* _INSTRUCTIONS TO FOLLOW_:
Copy exactly the lines from the first line of the records below through the line containing "A sulfur dioxide", including both, and nothing else.

* _INFORMATION_:
──────────────────────────────
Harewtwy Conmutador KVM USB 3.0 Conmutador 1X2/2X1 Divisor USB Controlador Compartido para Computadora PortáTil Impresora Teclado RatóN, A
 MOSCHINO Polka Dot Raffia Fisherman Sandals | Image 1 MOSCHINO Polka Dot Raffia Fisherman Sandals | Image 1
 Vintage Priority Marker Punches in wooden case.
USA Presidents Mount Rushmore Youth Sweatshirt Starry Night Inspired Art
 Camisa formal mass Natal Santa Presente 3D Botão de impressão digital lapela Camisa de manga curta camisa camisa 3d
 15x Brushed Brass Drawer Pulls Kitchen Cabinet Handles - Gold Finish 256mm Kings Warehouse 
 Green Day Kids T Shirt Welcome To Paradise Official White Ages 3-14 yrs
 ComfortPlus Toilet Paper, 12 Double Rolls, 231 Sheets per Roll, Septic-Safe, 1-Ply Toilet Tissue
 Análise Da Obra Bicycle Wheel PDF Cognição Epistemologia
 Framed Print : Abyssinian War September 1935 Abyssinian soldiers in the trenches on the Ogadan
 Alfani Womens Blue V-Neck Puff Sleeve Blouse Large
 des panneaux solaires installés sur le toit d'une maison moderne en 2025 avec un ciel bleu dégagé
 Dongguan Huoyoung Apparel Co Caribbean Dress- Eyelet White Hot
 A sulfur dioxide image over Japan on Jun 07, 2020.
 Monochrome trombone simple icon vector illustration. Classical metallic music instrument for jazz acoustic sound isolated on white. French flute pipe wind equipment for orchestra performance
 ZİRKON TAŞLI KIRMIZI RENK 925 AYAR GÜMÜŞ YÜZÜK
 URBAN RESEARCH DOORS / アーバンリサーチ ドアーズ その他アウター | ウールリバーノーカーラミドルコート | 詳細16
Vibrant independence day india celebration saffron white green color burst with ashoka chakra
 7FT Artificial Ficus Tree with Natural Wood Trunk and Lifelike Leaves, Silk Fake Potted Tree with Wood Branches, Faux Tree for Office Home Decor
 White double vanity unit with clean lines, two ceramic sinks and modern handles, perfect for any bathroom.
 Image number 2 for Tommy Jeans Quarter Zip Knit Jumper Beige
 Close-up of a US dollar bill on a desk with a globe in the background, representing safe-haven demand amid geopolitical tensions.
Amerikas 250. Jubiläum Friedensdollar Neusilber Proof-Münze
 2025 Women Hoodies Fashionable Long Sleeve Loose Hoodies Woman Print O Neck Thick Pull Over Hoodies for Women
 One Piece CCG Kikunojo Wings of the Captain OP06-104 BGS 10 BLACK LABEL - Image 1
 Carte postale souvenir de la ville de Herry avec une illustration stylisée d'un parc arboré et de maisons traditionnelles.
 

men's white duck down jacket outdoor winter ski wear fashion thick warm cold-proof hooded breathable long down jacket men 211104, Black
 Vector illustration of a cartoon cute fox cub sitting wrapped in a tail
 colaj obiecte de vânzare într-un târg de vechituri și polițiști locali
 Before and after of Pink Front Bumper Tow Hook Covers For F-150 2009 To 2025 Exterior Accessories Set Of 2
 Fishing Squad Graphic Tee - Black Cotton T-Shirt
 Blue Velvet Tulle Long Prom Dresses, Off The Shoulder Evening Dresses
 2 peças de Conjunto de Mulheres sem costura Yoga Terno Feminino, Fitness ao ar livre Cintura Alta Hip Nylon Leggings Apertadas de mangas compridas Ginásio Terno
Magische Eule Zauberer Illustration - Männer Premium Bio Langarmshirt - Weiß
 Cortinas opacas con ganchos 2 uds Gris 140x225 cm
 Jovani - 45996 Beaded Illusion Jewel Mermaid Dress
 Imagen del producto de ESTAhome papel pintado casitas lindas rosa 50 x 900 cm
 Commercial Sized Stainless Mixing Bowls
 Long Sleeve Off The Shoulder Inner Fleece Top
──────────────────────────────
* _ANSWER TO THE EXERCISE_:
Harewtwy Conmutador KVM USB 3.0 Conmutador 1X2/2X1 Divisor USB Controlador Compartido para Computadora PortáTil Impresora Teclado RatóN, A
 MOSCHINO Polka Dot Raffia Fisherman Sandals | Image 1 MOSCHINO Polka Dot Raffia Fisherman Sandals | Image 1
 Vintage Priority Marker Punches in wooden case.
USA Presidents Mount Rushmore Youth Sweatshirt Starry Night Inspired Art
 Camisa formal mass Natal Santa Presente 3D Botão de impressão digital lapela Camisa de manga curta camisa camisa 3d
 15x Brushed Brass Drawer Pulls Kitchen Cabinet Handles - Gold Finish 256mm Kings Warehouse 
 Green Day Kids T Shirt Welcome To Paradise Official White Ages 3-14 yrs
 ComfortPlus Toilet Paper, 12 Double Rolls, 231 Sheets per Roll, Septic-Safe, 1-Ply Toilet Tissue
 Análise Da Obra Bicycle Wheel PDF Cognição Epistemologia
 Framed Print : Abyssinian War September 1935 Abyssinian soldiers in the trenches on the Ogadan
 Alfani Womens Blue V-Neck Puff Sleeve Blouse Large
 des panneaux solaires installés sur le toit d'une maison moderne en 2025 avec un ciel bleu dégagé
 Dongguan Huoyoung Apparel Co Caribbean Dress- Eyelet White Hot
 A sulfur dioxide image over Japan on Jun 07, 2020.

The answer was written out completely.